▸ TASK INSTRUCTIONS: Verbatim, and with nothing else, reproduce the data below from its first line through the line containing "Urban Oasis Sleeper Sofa - Image 2".
######
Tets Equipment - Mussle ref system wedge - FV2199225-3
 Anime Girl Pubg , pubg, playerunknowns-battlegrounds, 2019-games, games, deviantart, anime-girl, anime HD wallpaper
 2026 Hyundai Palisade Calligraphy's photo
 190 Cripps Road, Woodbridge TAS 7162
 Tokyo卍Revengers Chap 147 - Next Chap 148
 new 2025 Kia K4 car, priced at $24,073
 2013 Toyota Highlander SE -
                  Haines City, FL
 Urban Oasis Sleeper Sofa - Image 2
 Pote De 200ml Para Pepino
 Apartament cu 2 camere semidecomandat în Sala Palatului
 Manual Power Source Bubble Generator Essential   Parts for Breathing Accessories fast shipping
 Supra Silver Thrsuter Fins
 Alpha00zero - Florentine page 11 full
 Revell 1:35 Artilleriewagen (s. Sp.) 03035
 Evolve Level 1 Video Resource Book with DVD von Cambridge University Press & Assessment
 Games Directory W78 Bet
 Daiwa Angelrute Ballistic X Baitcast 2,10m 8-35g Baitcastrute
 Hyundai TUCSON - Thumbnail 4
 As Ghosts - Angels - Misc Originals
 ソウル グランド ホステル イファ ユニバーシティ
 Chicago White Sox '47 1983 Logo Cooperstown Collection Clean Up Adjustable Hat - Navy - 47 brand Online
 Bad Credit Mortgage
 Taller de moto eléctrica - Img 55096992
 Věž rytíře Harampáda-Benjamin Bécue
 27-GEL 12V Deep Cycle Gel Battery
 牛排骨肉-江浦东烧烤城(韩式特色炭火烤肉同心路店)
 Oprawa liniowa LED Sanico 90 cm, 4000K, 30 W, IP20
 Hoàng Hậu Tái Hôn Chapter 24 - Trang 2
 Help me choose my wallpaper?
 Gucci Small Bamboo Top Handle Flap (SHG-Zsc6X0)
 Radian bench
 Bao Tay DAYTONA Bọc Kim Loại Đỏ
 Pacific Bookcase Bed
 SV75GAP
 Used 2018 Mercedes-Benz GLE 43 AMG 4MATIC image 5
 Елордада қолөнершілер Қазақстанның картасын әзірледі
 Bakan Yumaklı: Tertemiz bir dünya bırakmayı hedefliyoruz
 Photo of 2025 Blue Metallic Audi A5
######
▸ EXERCISE RESULT:
Tets Equipment - Mussle ref system wedge - FV2199225-3
 Anime Girl Pubg , pubg, playerunknowns-battlegrounds, 2019-games, games, deviantart, anime-girl, anime HD wallpaper
 2026 Hyundai Palisade Calligraphy's photo
 190 Cripps Road, Woodbridge TAS 7162
 Tokyo卍Revengers Chap 147 - Next Chap 148
 new 2025 Kia K4 car, priced at $24,073
 2013 Toyota Highlander SE -
                  Haines City, FL
 Urban Oasis Sleeper Sofa - Image 2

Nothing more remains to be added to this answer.